The Status Page Nobody Updates at 2am
Your Nagios check fires. A service goes critical. PagerDuty or your phone wakes you up. You SSH in, start digging through logs, and spend the next twenty minutes figuring out what's actually broken. Somewhere in the middle of that, users start hitting your support inbox: "Is there an outage? Your status page says everything is operational."
The status page is almost always the last thing anyone thinks about during an incident. It's manual, it's low-urgency compared to actually fixing the problem, and at 2am when you're context-switching between terminals, updating a web form is not what's on your mind. So customers sit in the dark, filing tickets that eat up your queue for the next two days.
The fix isn't process — it's automation. If Nagios already knows when a host or service goes down, you can make that knowledge flow directly to your status page without anyone touching a keyboard.
How Nagios Event Handlers Work
Nagios has a built-in mechanism called event handlers: scripts that run automatically when a host or service changes state. When a service transitions from OK to CRITICAL, Nagios can call a script on the monitoring server. That script can do anything — send a Slack message, write to a database, or POST to an HTTP endpoint.
The key fields Nagios passes to your event handler script are:
| Macro | What it contains |
|---|---|
$SERVICESTATE$ |
Current state: OK, WARNING, CRITICAL, UNKNOWN |
$SERVICESTATETYPE$ |
SOFT or HARD (HARD means Nagios is confident this is real) |
$HOSTALIAS$ |
Human-readable name for the host |
$SERVICEDESC$ |
The name of the service check |
$SERVICEATTEMPT$ |
Which retry attempt this is |
You typically only want to fire your webhook on HARD state changes — SOFT states are retries that might recover before becoming a real incident. Acting on every SOFT state generates noise.

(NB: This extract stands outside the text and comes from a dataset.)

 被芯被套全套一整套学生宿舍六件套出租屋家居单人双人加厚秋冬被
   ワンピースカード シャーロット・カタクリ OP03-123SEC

Setting Up the Event Handler Script
On your Nagios server, create a script at /usr/local/nagios/libexec/notify-status-page.sh:
#!/bin/bash
SERVICE_STATE=$1
SERVICE_STATE_TYPE=$2
HOST_NAME=$3
SERVICE_DESC=$4
WEBHOOK_URL="https://api.alert24.com/incoming/webhooks/YOUR_WEBHOOK_TOKEN"

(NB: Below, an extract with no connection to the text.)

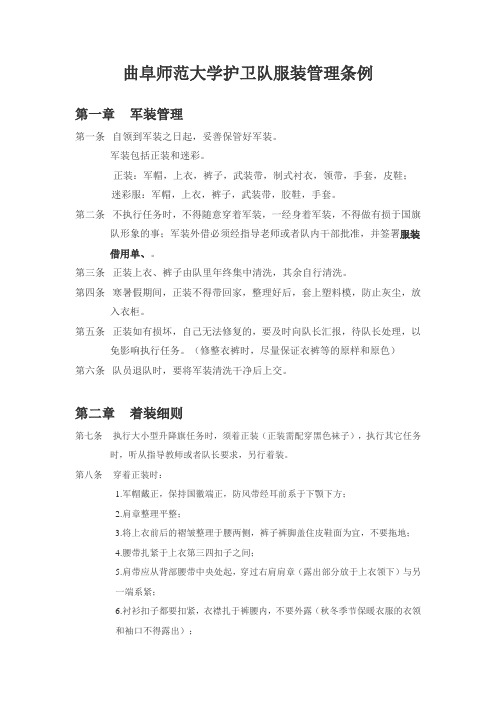 曲阜师范大学护卫队服装管理条例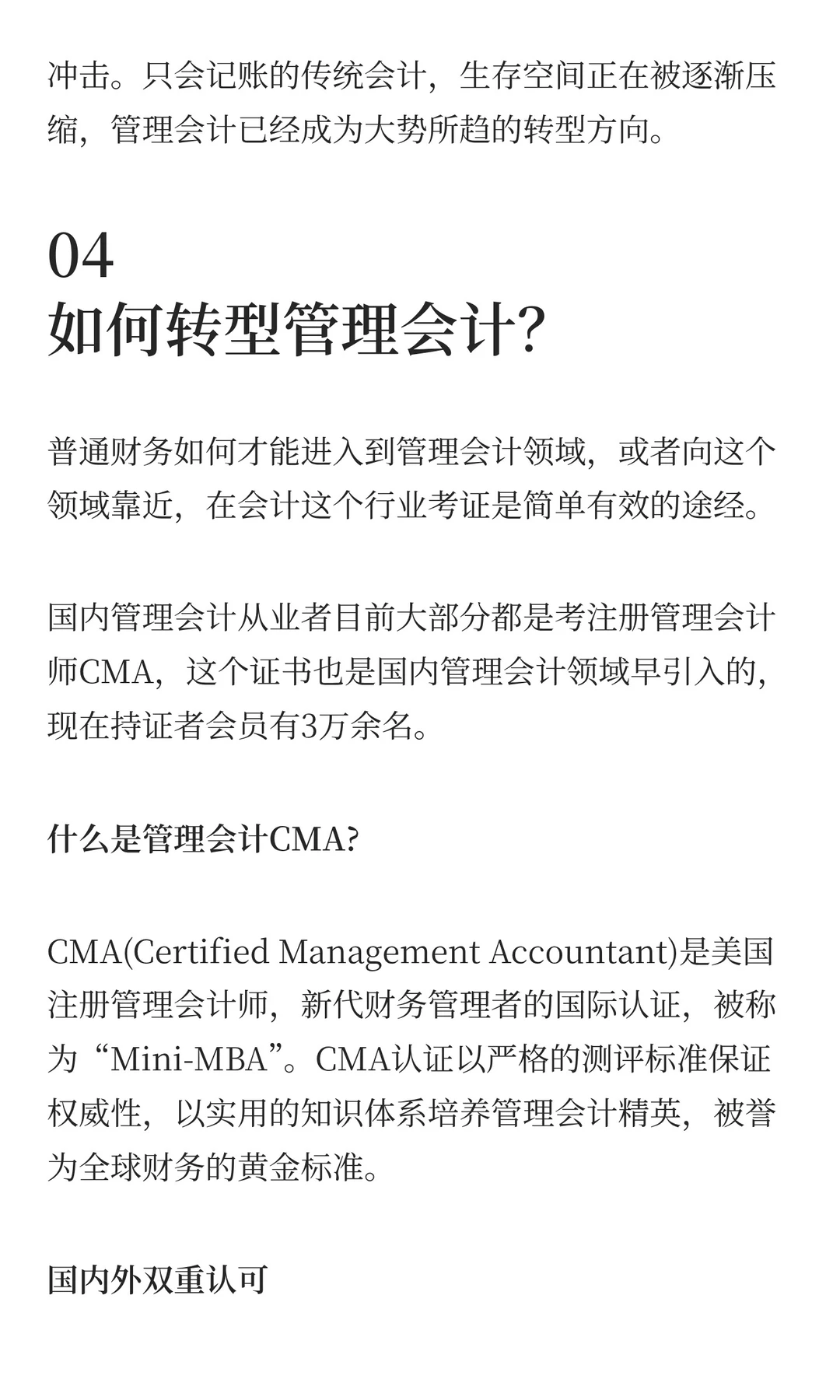 多所高校取消会计学专业,会计人慌了...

# Only act on HARD state changes
if [ "$SERVICE_STATE_TYPE" != "HARD" ]; then
exit 0
fi
# Map Nagios states to Alert24 status values
case "$SERVICE_STATE" in
CRITICAL)
STATUS="down"
;;
WARNING)
STATUS="degraded"
;;
OK)
STATUS="operational"
;;
*)
STATUS="unknown"
;;
esac
# Build the JSON payload and POST to Alert24
curl -s -X POST "$WEBHOOK_URL" \
-H "Content-Type: application/json" \
-d "{
\"service\": \"$SERVICE_DESC\",
\"host\": \"$HOST_NAME\",
\"status\": \"$STATUS\",
\"source\": \"nagios\"
}"
Make it executable:
chmod +x /usr/local/nagios/libexec/notify-status-page.sh
Wiring the Handler to a Nagios Service
In your Nagios service definition, add the event_handler directive pointing at a command that calls your script:
# In commands.cfg
define command {
command_name notify-status-page
command_line /usr/local/nagios/libexec/notify-status-page.sh $SERVICESTATE$ $SERVICESTATETYPE$ $HOSTALIAS$ $SERVICEDESC$
}
# In your service definition
define service {
host_name web-prod-01
service_description HTTP
check_command check_http
event_handler notify-status-page
event_handler_enabled 1
...
}
Reload Nagios after making this change:
nagios -v /etc/nagios/nagios.cfg && systemctl reload nagios
You can also set event_handler_enabled=1 globally in nagios.cfg if you want handlers to run by default across all service definitions.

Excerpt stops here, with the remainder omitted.